The President’s Budget Fails to Support Economic Security for Students and Workers with Low Incomes
The Trump Administration’s proposed FY 2021 budget brings back into focus just who has been losing out under this administration, including people with low incomes, immigrant communities, and communities of color. The president’s budget would undermine the economic security of individuals with low incomes, including students and workers, by proposing to slash, cut, and/or eliminate critical federal student aid and workforce development programs.

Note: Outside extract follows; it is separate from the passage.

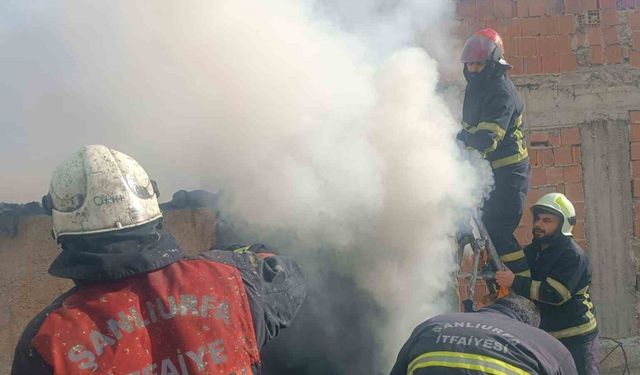 Şanlıurfa’da mesken yangını söndürüldü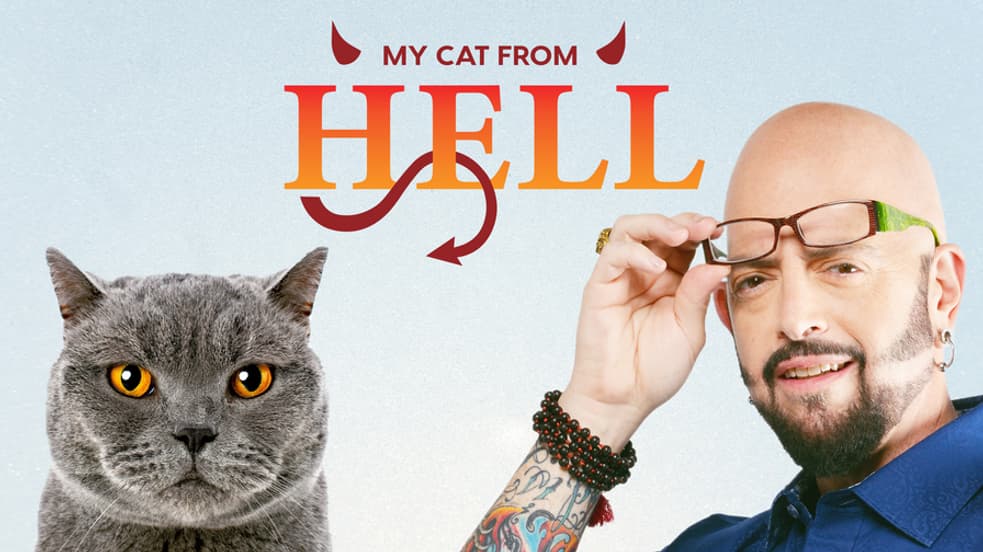 Pet Shows: Watch Free Online | Tubi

The post-recession recovery has been disproportionately severe and uneven for individuals with low incomes, particularly people of color. While this administration touts “record low unemployment,” the tragic reality for many is that the economy is still not working for everyone. Researchers at Georgetown University estimate that 99 percent of jobs during the recovery have gone to workers with some college education. To make matters worse, housing prices continue to rise while wages stagnate. Many individuals with low incomes find themselves trapped in a cycle of poverty and are struggling to cover the cost of their basic needs.
A high-quality postsecondary credential can lead to family-sustaining economic mobility, including high-wage jobs with benefits. Students from households with low incomes are five times more likely to move out of poverty if they’ve earned a college degree. Yet the soaring cost of tuition, housing, child care, food, textbooks, transportation, and other basic living expenses, has made higher education less attainable for millions of students. Students of color, who comprise over 45 percent of undergraduate students, struggle to afford and complete a postsecondary education. For instance, African American students graduate with the highest amount of indebtedness, the lowest levels of attainment, and are employed at jobs with lower salary and benefits than their peers.
The higher education programs proposed for elimination in the president’s budget include the Federal Supplemental Educational Opportunity Grants (FSEOG), the Gaining Early Awareness and Readiness for Undergraduate Programs (GEAR-UP), the Public Service Loan Forgiveness program (PSLF), and Subsidized Stafford loans. This misguided budget slashes the Child Care Access Means Parents in School (CCAMPIS) program by more than 70 percent and Federal Work-Study by $680 million, which would result in those programs serving fewer than half of the students they did in 2020. The budget also freezes the maximum Pell Grant award. These targeted programs reach students in the lowest income brackets and support their journey into higher education and professional development. Eliminating these programs and reducing the funding for others would remove support for struggling borrowers and make college less accessible, affordable, and attainable.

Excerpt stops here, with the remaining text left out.